• **Stored data**
══════
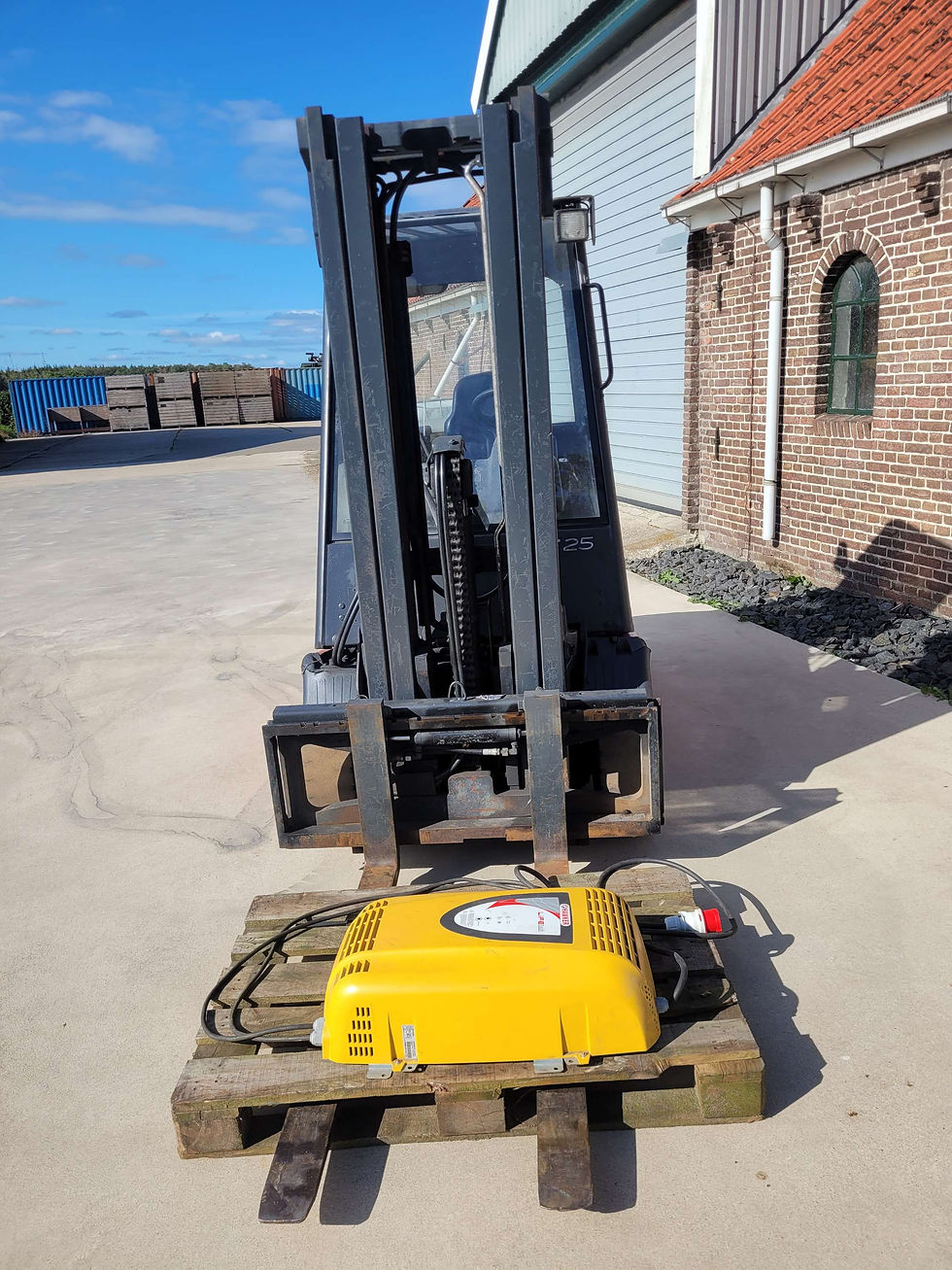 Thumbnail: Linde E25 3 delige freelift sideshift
══════
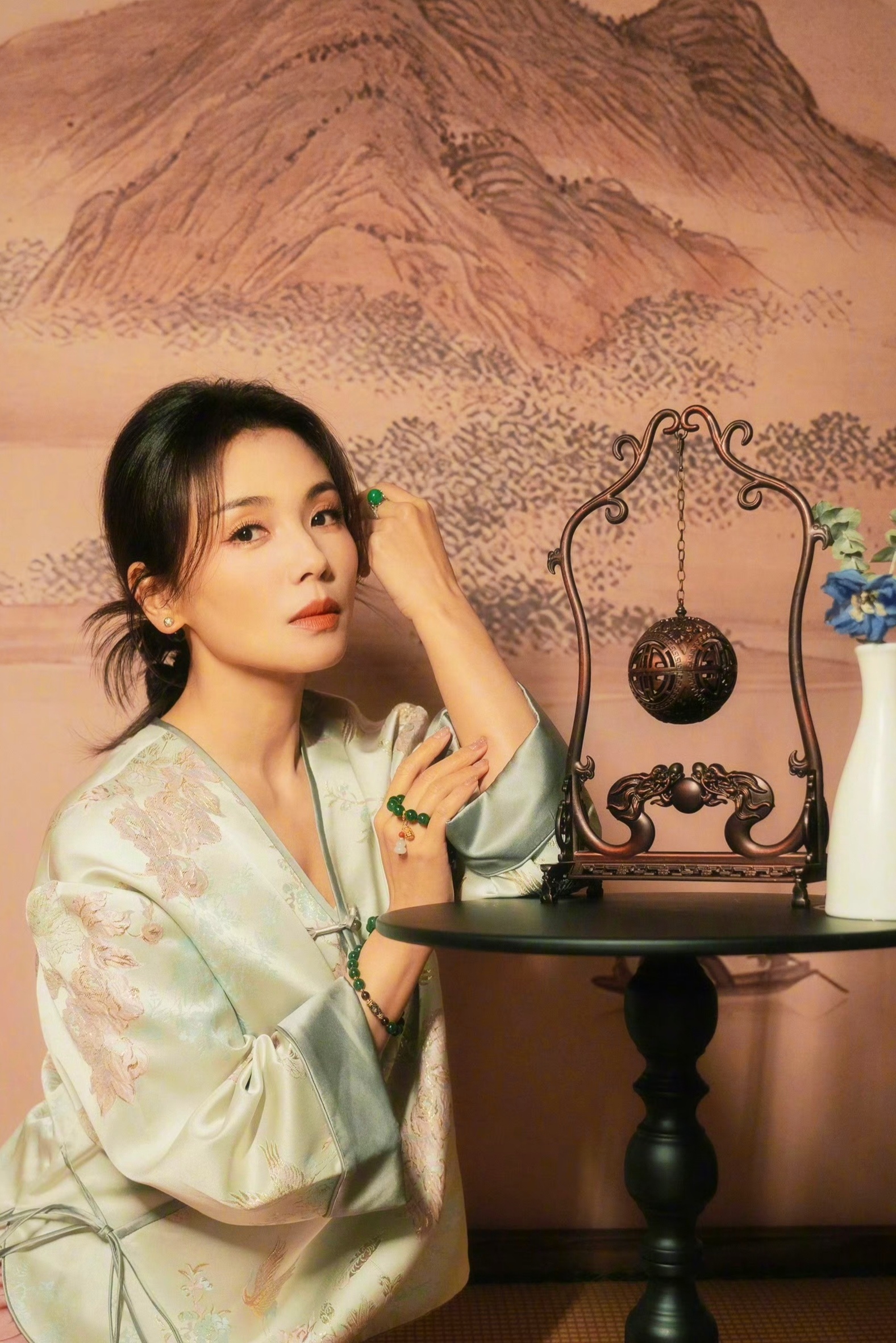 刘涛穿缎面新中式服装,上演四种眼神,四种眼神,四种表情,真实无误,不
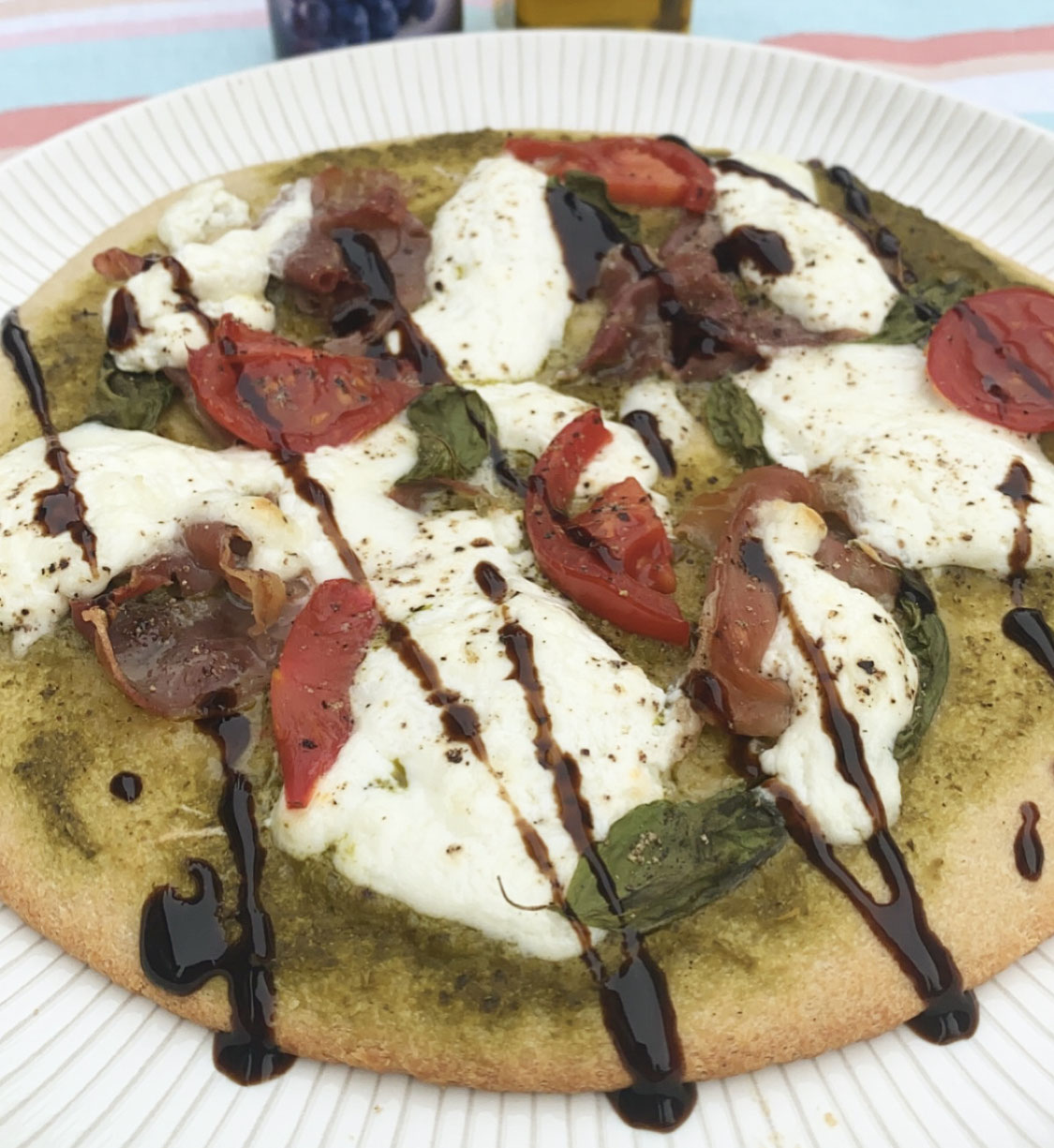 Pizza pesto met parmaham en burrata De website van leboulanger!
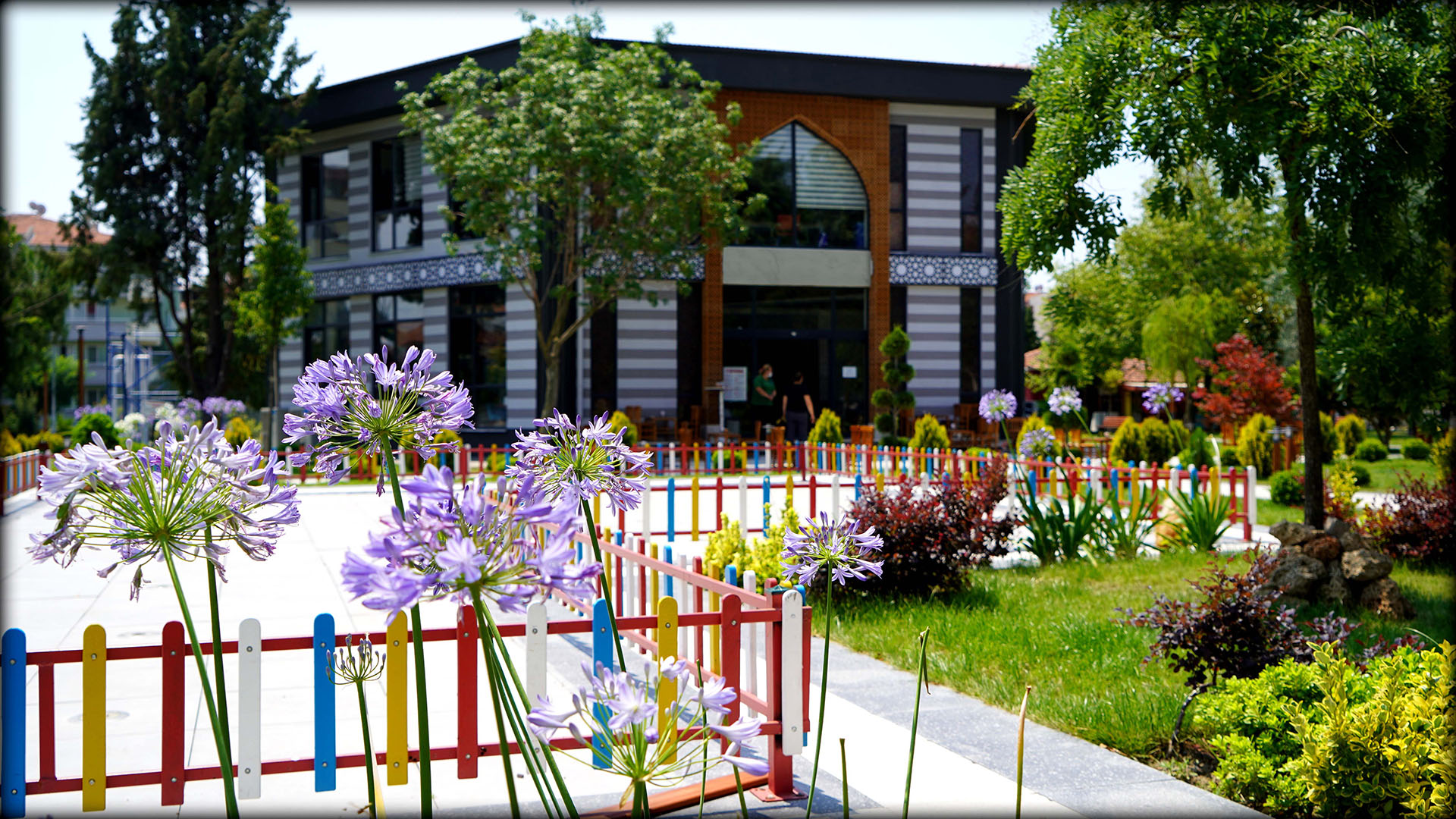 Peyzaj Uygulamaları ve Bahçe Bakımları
══════
• **What is required**
Working from the entries above, please transcribe only the lines from the line with "刘涛穿缎面新中式服装,上演四种眼神,四种眼神,四种表情,真实无误,不" through the line with "Peyzaj Uygulamaları ve Bahçe Bakımları", exactly, with both end lines and without pictures.

• **Solution to this task**
 刘涛穿缎面新中式服装,上演四种眼神,四种眼神,四种表情,真实无误,不
 Pizza pesto met parmaham en burrata De website van leboulanger!
 Peyzaj Uygulamaları ve Bahçe Bakımları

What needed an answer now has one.